The orb begins to glow and we quickly see dragons appear and undo the curse of the Druun. The dragons are even able to bring Sisu back to life, and she’s reunited with all her siblings. Everyone returns to their own lands to find their families and friends and tribesmen turned back to living, breathing humans. Even Raya is reunited with her father. The end scene shows people from the different lands coming to the Land of Heart, now willing to become one Kumandra again.
I was extremely disappointed, to say the least.
Establishing the relationship between the dragons and the people of Kumandra was a quick explanation that didn’t really inspire awe. Raya and her father’s relationship is featured for maybe 10 minutes before he is quickly taken out of the story. While it is clear that there are tensions among the tribes, it all felt very shallow.
While we see a glimpse of the variety of cultures throughout Raya’s adventures into Talon, Tail, and Spine, there’s no true immersion. A quick blink and you wouldn’t even have realized she was there. The only reason we see and appreciate a little bit more of Heart and Fang is because those are where both of the major battles occur.
The characters and friends she meets along the way are meant to inspire empathy.
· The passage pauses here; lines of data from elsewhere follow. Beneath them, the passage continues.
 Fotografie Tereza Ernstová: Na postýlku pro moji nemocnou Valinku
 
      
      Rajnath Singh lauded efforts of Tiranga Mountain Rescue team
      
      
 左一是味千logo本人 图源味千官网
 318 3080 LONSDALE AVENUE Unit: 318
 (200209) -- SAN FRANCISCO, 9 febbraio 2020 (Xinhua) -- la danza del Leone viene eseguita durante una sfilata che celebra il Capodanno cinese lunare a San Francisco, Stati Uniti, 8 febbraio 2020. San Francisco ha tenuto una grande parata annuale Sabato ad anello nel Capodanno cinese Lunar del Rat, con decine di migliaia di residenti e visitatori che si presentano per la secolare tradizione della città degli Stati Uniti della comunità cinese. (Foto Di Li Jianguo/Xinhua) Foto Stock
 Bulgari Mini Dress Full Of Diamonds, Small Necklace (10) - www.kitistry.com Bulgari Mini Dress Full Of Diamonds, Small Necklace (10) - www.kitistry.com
You’re meant to share in their loss, as the release of the Druun has taken away their family and most of their tribe, but because they try to have a character represent different parts of Southeast Asia, you don’t really have enough time to fall in like with any of them enough to really care.
Namaari’s mother, as the leader of the Land of Fang shows no remorse or regret for what their actions have wrought upon Kumandra, and even when she is turned to stone, I cannot find it in myself to feel pity for Namaari’s loss of a parent, in fact, it was such a blip in the film, unless she brought it up during the big fight scene, you would have totally forgotten it happened.
And the fact that Namaari did not even pause to think of how painful it would have been for Raya when she lost her father because of the actions of the Fang tribe makes me like Namaari even less. I don’t care that she eventually did the right thing. In my eyes, she found no redemption.
The cultures showcased were so blended together it felt quite muddy and I felt like they had done so much research to make the film beautiful, but not enough into the actual practices or culture to keep me interested. According to producer Osnat Shurer in an interview with The Hollywood Reporter, “the importance of ‘we’ over ‘I,’” allows for a collective celebration of various Southeast Asian cultures.
But I disagree, why do so many Disney stories take time to highlight specific Western cultures but have no time to properly represent Asian, and more specifically Southeast Asian cultures? In their rush for inclusivity, they kind of just left me wanting — wanting of the richness and depth in storytelling that Southeast Asian stories deserve.
And again, I’ve talked about this here, for a film to showcase Southeast Asia, and have only one Southeast Asian actor, Kelly Marie Tran, voice a major character in the film feels like a slap in the face, no? We want great films that showcase Southeast Asian talents and culture, not films that are deemed “great” just because they showcase Southeast Asian talents and culture when in reality they are subpar. The tv and film industry has to do better for the minorities they want to represent and stop giving us films and shows just to appease the want for representation.